- Task objective:
Return exactly the lines from the one containing "Gebraucht VW Touran" through the last line of the records below, both included, and leave out any pictures.

----------

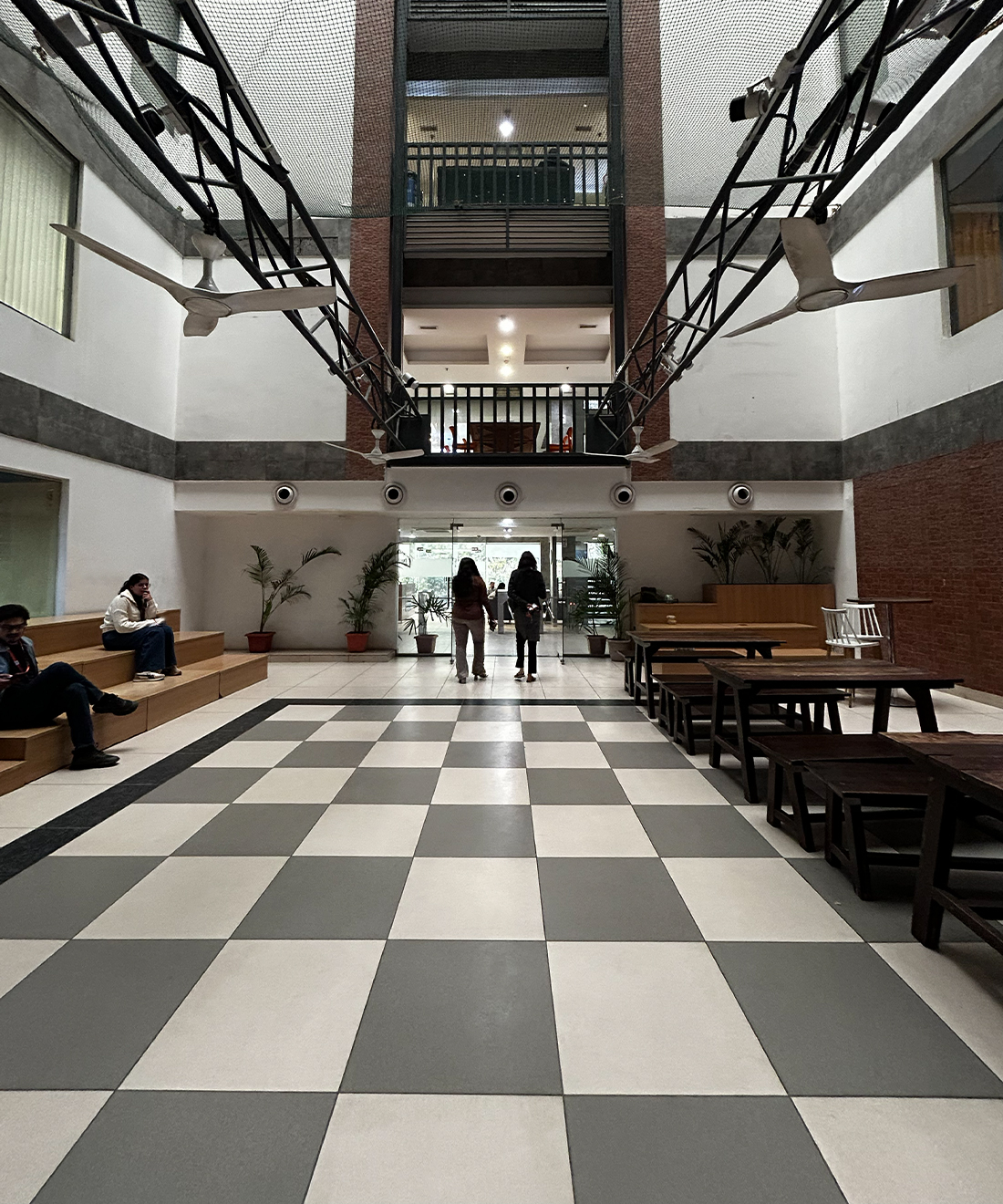 Open collaboration zone for creative discussions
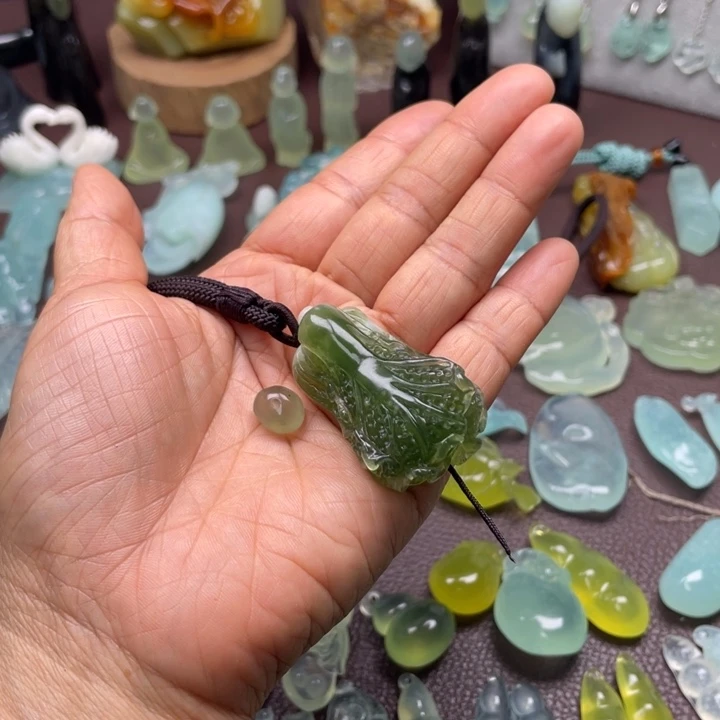 蛇纹石玉未镶嵌颈饰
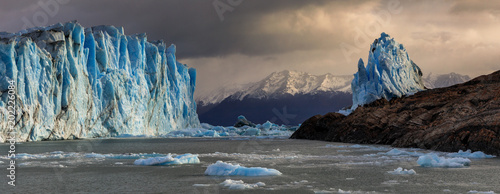 Slika na platnu Panorama of the Perito Moreno Glacier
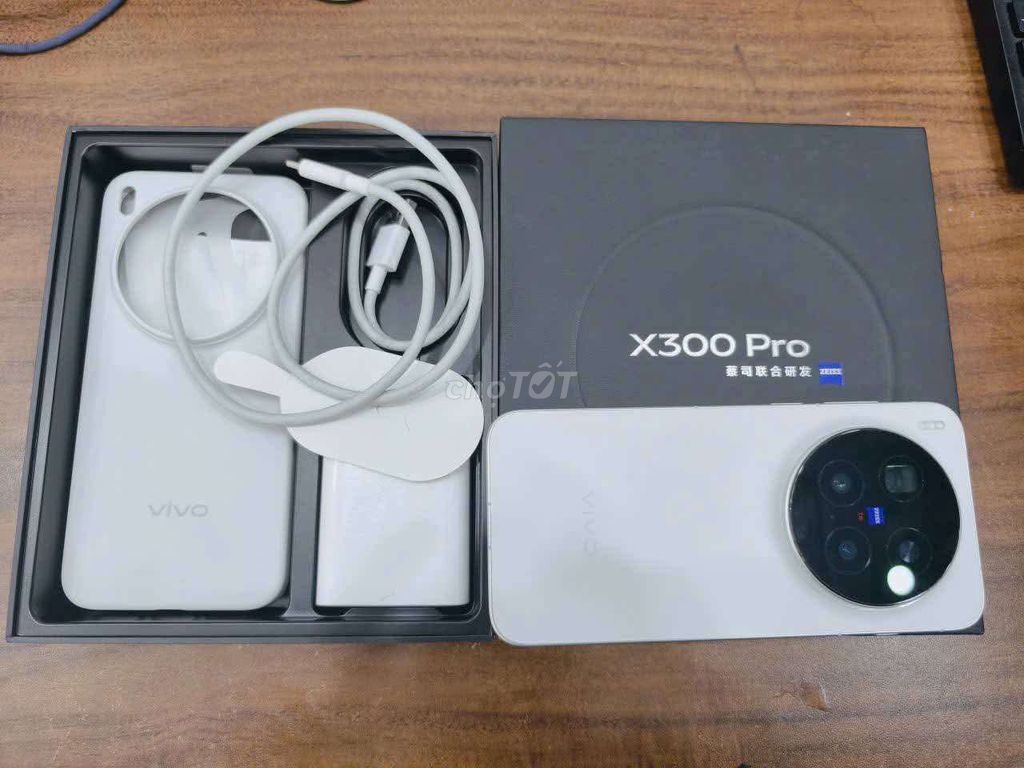 Vivo X300 Pro 16GB/512GB Trắng. Mua bán Điện thoại tại Huyện Hoài Đức Hà Nội được đăng bởi hường hình 1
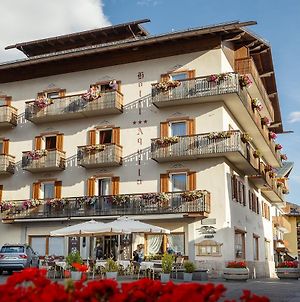 Aquila Hotell Cortina dʼAmpezzo Exterior photo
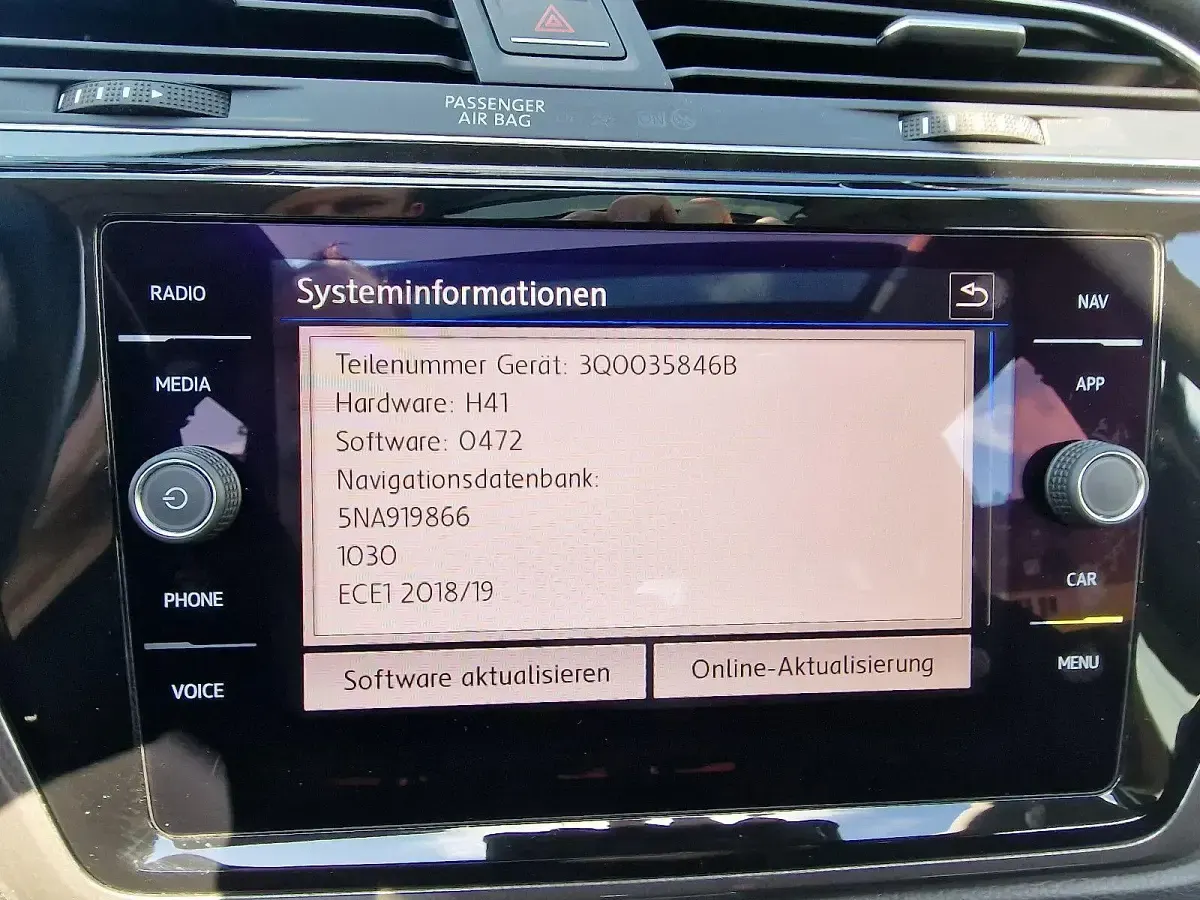 Gebraucht VW Touran 150 PS (110 kW) 2019 Blau Van / Kleinbus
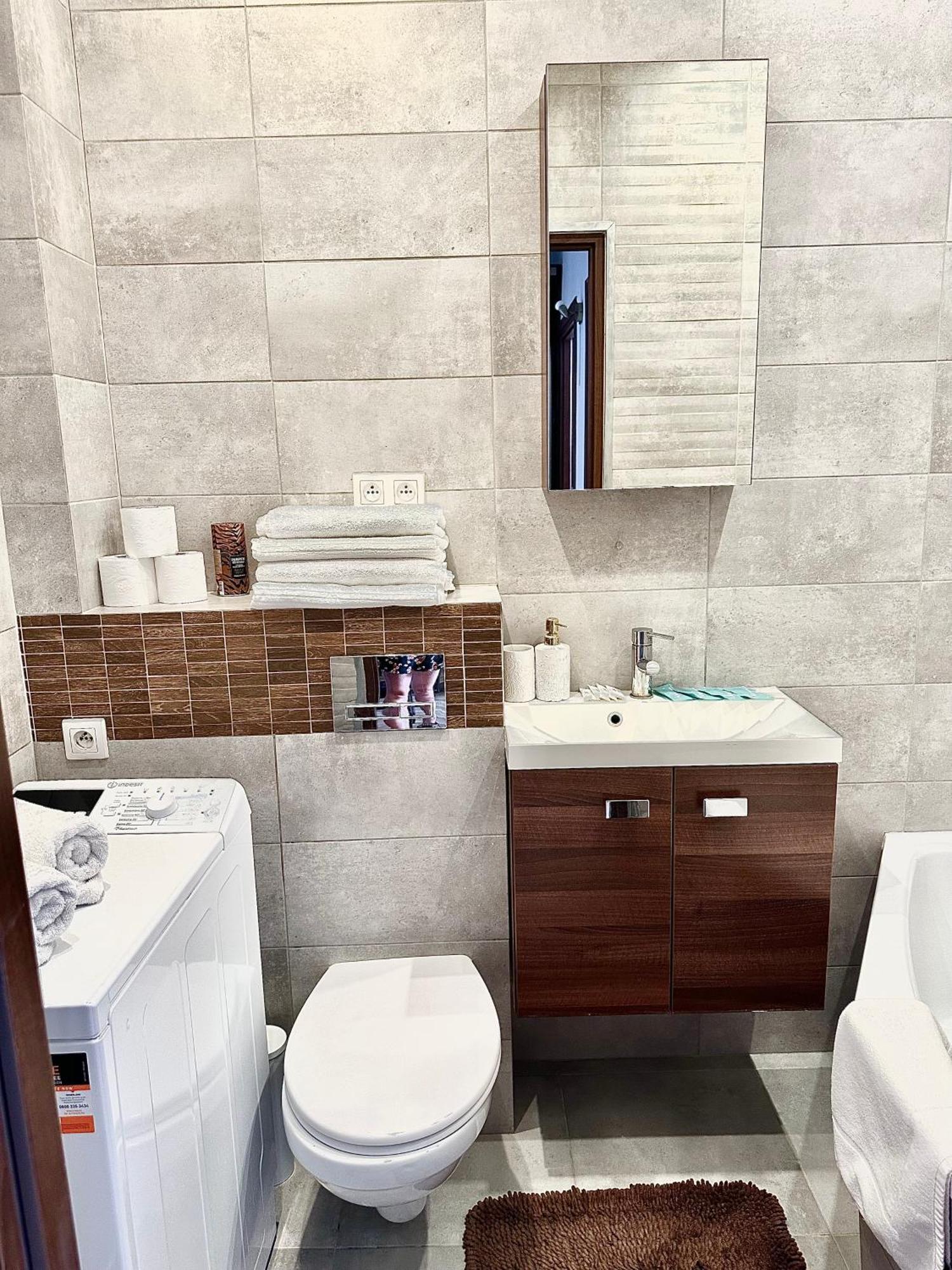 דירות ורשה Apartament Blisko Centrum מראה חיצוני תמונה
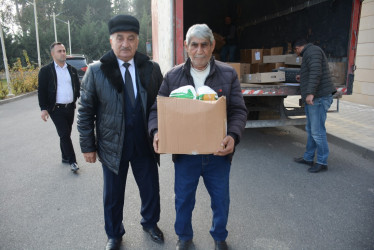 Tərtərdə Ağsaqqallara bayram sovqatı paylanıb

----------

- Completed exercise:
 Gebraucht VW Touran 150 PS (110 kW) 2019 Blau Van / Kleinbus
 דירות ורשה Apartament Blisko Centrum מראה חיצוני תמונה
 Tərtərdə Ağsaqqallara bayram sovqatı paylanıb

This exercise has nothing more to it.